→ EXERCISE INPUTS
+===+

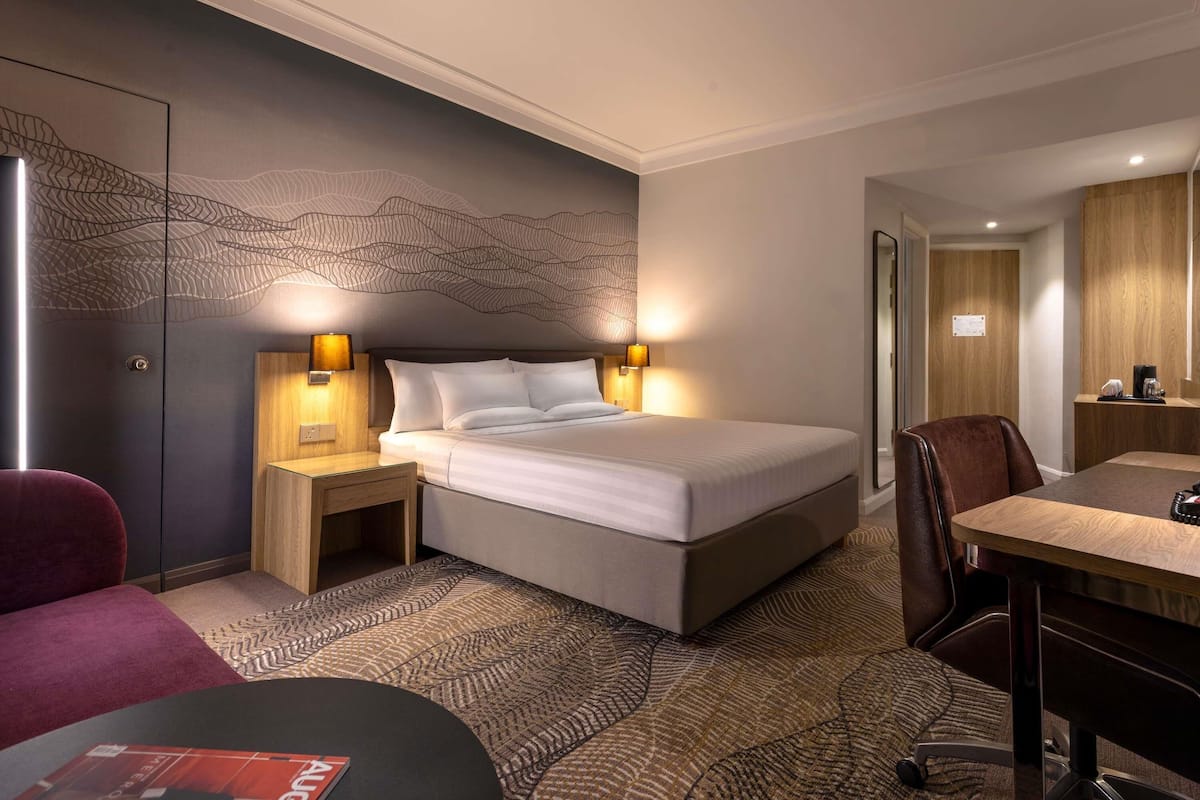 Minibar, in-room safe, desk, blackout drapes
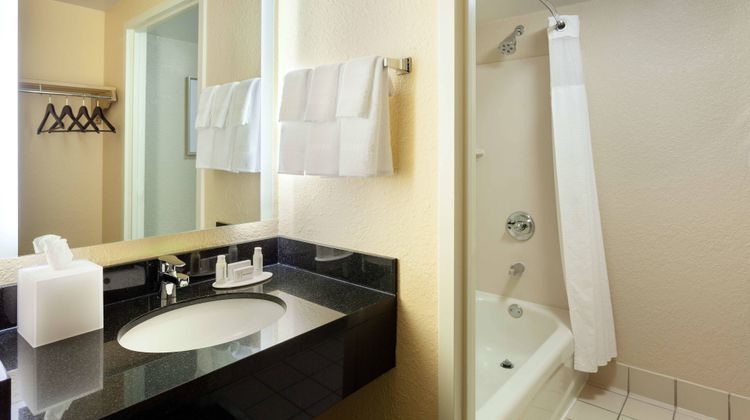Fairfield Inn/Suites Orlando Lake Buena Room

+===+

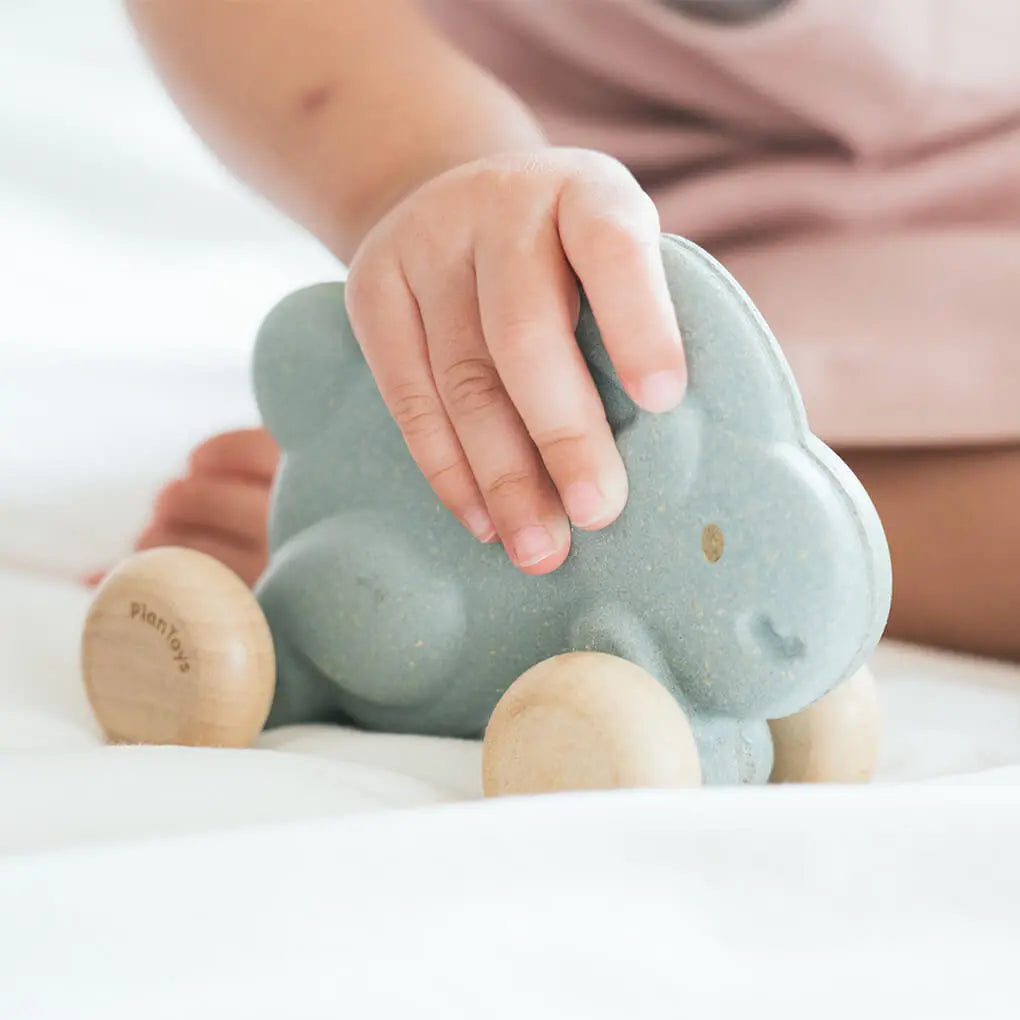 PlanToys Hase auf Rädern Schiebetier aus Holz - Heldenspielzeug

+===+

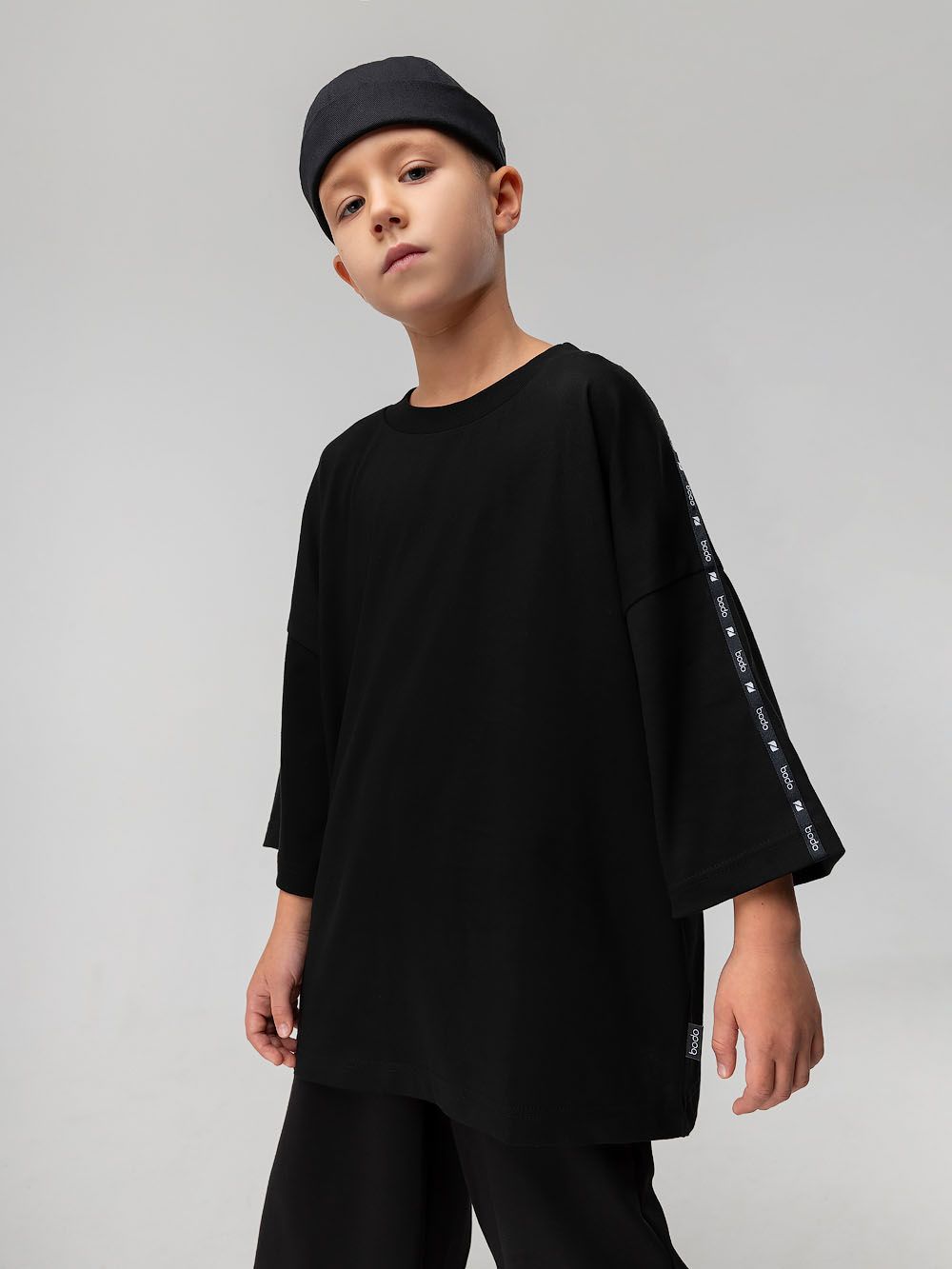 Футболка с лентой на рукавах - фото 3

+===+

→ REQUIRED WORK
The data above holds the lines to copy: start at the one with "Minibar, in-room safe, desk, blackout drapes", stop at the one with "Fairfield Inn/Suites Orlando Lake Buena Room", include both, copy them exactly without pictures, and copy nothing else.

→ RESULT BELOW
 Minibar, in-room safe, desk, blackout drapes
Fairfield Inn/Suites Orlando Lake Buena Room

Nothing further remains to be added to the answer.